Andrew Crawford, b. 6/4/1792 [R520]
Jean Crawford, b. 5/27/1794
Martha Sitlington Crawford [R505], b. 2/29/1796

(1996) The Bath County Land Book [S137] shows Nathan Crawford held 327 acres of land when the County was formed in 1792. In 1798 he acquired another 150 acres, and about 1808 another 80 acres. In 1814 his holdings were described as “300 on the Cowpasture R. joining the lands of James Kelso and Rebecca Lafferly, 150 joining the same.” The same description held as late as 1834 for the Nathan Crawford estate. Nathan and Jean lived in the house shown in Fig. R505a until 1803, when they deeded it to their son William. I don’t know where they lived thereafter. Nathanial was one of the four first elders of the Windy Cove Presbyterian Church [R023]. The date this refers to is uncertain, but the church took this name in 1766 when its second building was constructed on a site near Bath County’s “Blowing Cave” (a geological curiosity, now obliterated). Children Martha, Mary, Samuel, and William Crawford were listed as communicants of the Church in 1833. However, William [R510] and Samuel [R511] had moved to Indiana considerably earlier than this.

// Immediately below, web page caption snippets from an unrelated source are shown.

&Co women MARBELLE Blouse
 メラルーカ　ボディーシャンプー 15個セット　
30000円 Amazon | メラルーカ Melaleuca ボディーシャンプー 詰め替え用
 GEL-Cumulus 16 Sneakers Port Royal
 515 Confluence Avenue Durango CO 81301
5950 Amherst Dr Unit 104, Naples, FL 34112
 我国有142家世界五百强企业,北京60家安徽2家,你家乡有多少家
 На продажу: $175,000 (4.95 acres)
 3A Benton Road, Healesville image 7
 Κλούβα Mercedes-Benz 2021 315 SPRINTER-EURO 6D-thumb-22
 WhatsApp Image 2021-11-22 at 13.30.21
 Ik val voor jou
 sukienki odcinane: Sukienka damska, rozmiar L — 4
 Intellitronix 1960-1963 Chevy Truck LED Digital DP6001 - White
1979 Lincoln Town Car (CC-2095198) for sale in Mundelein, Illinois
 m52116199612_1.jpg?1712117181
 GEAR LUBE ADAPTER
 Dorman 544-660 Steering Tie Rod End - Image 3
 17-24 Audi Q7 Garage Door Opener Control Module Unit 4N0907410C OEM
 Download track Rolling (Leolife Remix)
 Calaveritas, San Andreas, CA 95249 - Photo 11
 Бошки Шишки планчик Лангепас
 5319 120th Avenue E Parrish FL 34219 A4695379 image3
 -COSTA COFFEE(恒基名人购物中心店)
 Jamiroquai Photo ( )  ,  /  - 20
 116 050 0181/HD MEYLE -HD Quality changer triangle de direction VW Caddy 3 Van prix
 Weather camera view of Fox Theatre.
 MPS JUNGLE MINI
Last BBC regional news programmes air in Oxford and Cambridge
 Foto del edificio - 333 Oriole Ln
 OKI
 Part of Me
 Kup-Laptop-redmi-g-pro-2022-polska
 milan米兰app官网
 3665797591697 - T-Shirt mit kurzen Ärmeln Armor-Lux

Four of Nathan and Jean’s children (John, Mary Ann, Samuel, and Andrew) never married. William and Samuel migrated to Indiana, but Samuel returned to Bath County at the end of his life. There is no mention of daughter Jean in the wills of her parents or siblings; perhaps she died young. Elizabeth and Martha [R505] married and remained in Bath County. The 1810 Bath County census showed Nathan and Jean living with 1 girl 10-15 (Martha) and 2 women 16-25 (Jean and, probably, Elizabeth).

Nathan Crawford signed a will on February 12 1819 (WB2-262) in which he left his house and land to his son Andrew, with the stipulation that he provide for the welfare of Nathan’s widow Jane (Jean) for the rest of her life. Nathan divided his personal estate fairly equally among his wife and six of his children: Samuel, Andrew, Mary, Elizabeth, Martha, and William. The sale of his personal property is recorded on December 13 1819 (WB2-271). [R912] contains the will and the 12/18/1850 appraisement of the personal estate of daughter Polly, a nickname for either Mary Ann or Jean Crawford, probably Mary Ann.